Thursday, October 01, 2009

Recycled to the Landfill

(Toronto, Ontario) The Toronto Star investigated organic waste recycling in the city, known as the green bin program, to document how food scraps and similar garbage are processed into compost for save-the-planet efforts on farms and gardens.

Reporter Moira Welsh went to the Newmarket, Ont., recycling facility of the Halton company and videotaped steaming loads of compost being dumped onto tractor-trailer trucks. The trucks were then followed for hundreds of miles to a landfill near Flint, Michigan. Reporters observed the trucks dumping the compost load into a section of the landfill.

So, instead of putting table scraps in regular garbage for customary trucking to a Michigan landfill, Toronto residents must pay a premium to separate the organic waste and place it in special "green bins" which are collected in special trucks and transported 60 miles north of Toronto for processing at a Newmarket compost facility which ultimately loads the composted waste into a truck that then travels at least 300 miles to Flint, Michigan, for dumping in the same landfill that customarily receives regular Toronto garbage.

Halton Recycling has admitted to sending organic waste to the landfill.
Jack McGinnis, a spokesperson for Halton, told the Star this week that Halton could not process some of the organics because they had turned "liquid" by the time the company received them.

Managers were also worried about health and safety issues for their workers, so they felt they were "doing the right thing" by shipping the waste to the landfill.
Therefore, the company asserts that the identified episode was isolated and resulted from circumstances beyond its control. Interestingly, the landfill manager added inconsistent clarification.
The first five loads were so contaminated with plastic and glass that they were dumped in the landfill with the rest of the day's garbage.

The final two loads were sent to the landfill's "compost" section, an isolated spot where unfinished material is left in outdoor piles.
I would suggest that all parties involved are not on the same page with their stories.
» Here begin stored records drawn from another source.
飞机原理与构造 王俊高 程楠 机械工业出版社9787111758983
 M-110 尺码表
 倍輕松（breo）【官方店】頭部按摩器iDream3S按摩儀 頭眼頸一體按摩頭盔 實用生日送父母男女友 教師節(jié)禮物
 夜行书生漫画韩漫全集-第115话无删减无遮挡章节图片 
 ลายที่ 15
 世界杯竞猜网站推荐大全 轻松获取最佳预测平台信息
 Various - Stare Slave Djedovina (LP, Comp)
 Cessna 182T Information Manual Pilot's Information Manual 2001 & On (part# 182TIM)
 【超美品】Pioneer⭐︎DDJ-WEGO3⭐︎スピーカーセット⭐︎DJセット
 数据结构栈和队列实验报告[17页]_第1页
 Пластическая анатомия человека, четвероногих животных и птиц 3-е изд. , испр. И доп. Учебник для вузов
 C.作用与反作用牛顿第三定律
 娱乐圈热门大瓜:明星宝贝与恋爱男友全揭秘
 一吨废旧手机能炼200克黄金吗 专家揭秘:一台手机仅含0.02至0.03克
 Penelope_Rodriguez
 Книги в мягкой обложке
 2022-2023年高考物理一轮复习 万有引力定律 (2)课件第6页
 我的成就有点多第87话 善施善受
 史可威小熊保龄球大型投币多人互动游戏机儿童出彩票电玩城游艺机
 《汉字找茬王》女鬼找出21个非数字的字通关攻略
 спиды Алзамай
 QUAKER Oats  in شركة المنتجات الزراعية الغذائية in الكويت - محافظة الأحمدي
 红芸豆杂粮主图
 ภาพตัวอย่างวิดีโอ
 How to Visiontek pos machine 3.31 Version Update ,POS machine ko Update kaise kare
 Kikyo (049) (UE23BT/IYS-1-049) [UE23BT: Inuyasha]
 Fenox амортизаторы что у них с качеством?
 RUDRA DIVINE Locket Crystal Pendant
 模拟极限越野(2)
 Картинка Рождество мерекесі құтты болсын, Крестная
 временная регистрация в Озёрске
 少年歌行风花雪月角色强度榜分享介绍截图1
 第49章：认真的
In any event, the City of Toronto reportedly fired Halton Recycling.

[Add.] Oh, by the way, Toronto and the whole province of Ontario should be used to criticism of their recycling efforts. In a report from earlier this year, sharp criticism emerged when it became known that 20,000 tons annually of Toronto's recyclables were being transported across the continent by train to Vancouver where the trash was loaded on ocean freighters bound for South Korea and China.

People have questioned the logic of recycling Toronto-produced trash in Asia when such a "huge carbon footprint" is created in the process.